В чаще лесов, в светлых сосновых просторах, в зелени дубрав, в сумерках ельника стали возникать бреши, поляны, площади, большие пустыри. Много, ох, много деревьев губил лесопильный завод! Целые поезда, громыхая, неслись в далекий мир. А бор все также шумел — плеши зарастали молодняком и становились незаметными. Обширны были леса графов Остшеньских — стройные сосны, коренастые дубы, трепещущие осины, белое кружево берез, гладкая листва и гладкая кора вязов.
И вдруг кончилось. Граф Остшеньский тщетно метался от ярости. Ему больше не разрешается рубить собственный лес, на собственной земле, для собственного лесопильного завода, ради собственного обогащения! Не разрешается — и все.

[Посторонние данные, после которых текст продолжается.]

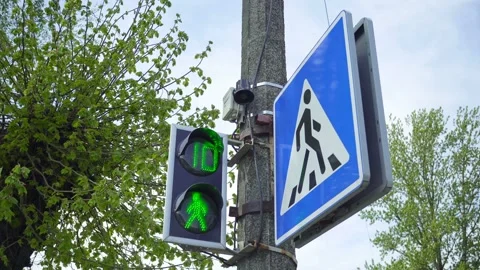 Green Light Traffic Light For Pedestrian Through The Carriageway. Stock Footage 154123733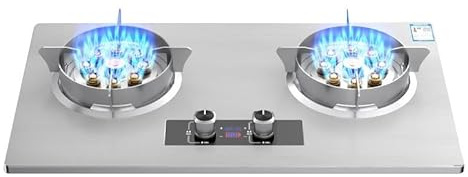 Cuisinière À Gaz Cuisinière À Gaz À 2 Brûleurs, Flamme Élevée À Neuf Cavités De 8,5 KW / 8,5 KW (minuterie Bilatérale De 180 Minutes), Support À Casseroles En Fonte De Verre Trempé Argenté, Avec Prote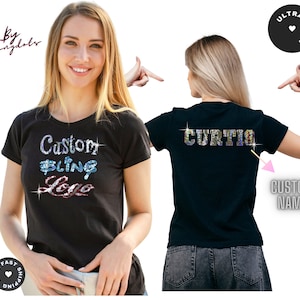 Custom Bling shirt personalized Logo, Custom Team Name on back bling tee, sequins tank, bling Text shirt, Personalized Gifts, Glitter Font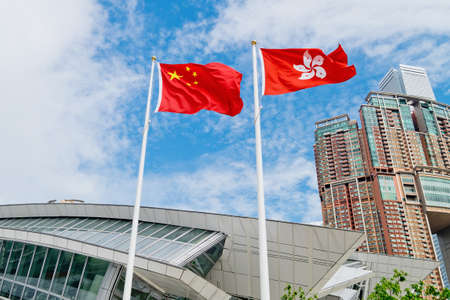 China and Hong Kong flagsの写真素材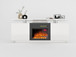 TV Cabinet, TV Unit With Fireplace, Have Heat And Flame Color Changes - White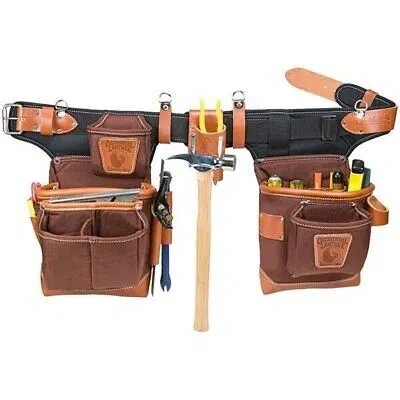 Pre-owned Adidas Originals Occidental Leather 9855 Adjust-to-fit Fatlip Tool Bag Set In Brown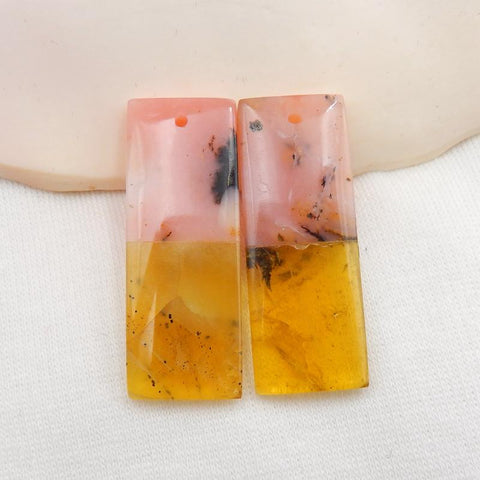 Pink Opal and Yellow Opal Glued Rectangle Earrings Stone Pair, 35x13x4mm, 7.2g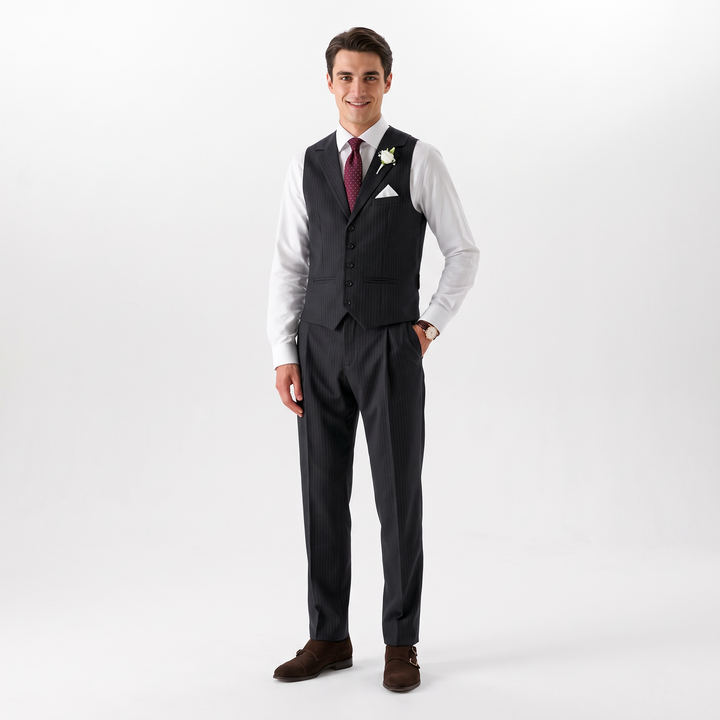 Menseventwear Fashion 2 Pieces Mens Stripe Suit Flat Notch Lapel Vest Suit For Wedding (Vest + Pants)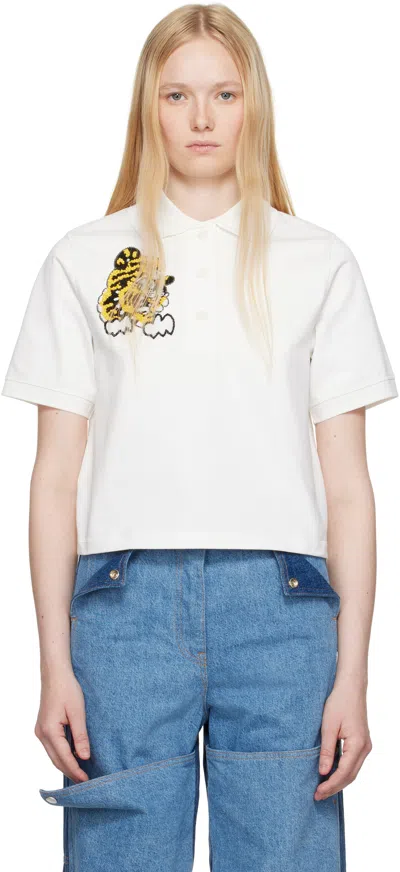 Kenzo White  Paris Verdy Edition Embroidered Polo In 02 Off White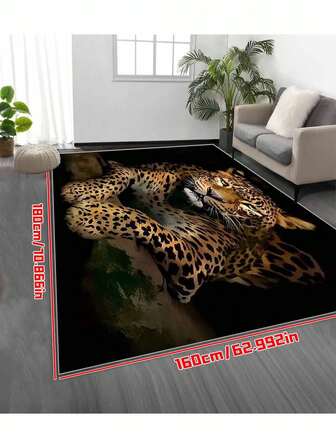 1pc Leopard Print Slouchy Carpet, Doormat, Non-Slip Floor Mat, Living Room Decorative Carpet, Multiple Sizes, Home Decor, Room Decoration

Приезжали господа, осматривали, соображали. Нашлась сила посильнее графа Остшеньского. Ничего он не добился.
Лесопилка притихла. По ночам в Калины уже не доносился пронзительный визг натачиваемых пил. Уже не сиял свет. Вода стекала стороной, низвергаясь пенящимся ручьем с высоты в омут. Отдыхало колесо. Не вырастала куча влажных опилок, в которых кувыркались дети мастера Германа.
Графу Остшеньскому противно было это молчание завода. Ему нужны были деньги. Он смотрел на лесопилку, вслушивался в ее молчание, как в приговор. Потому что нуждался в деньгах, — не на хлеб, не на одежду, как там, в Калинах, — на разведение черно-бурых лисиц нужны были деньги графу Остшеньскому.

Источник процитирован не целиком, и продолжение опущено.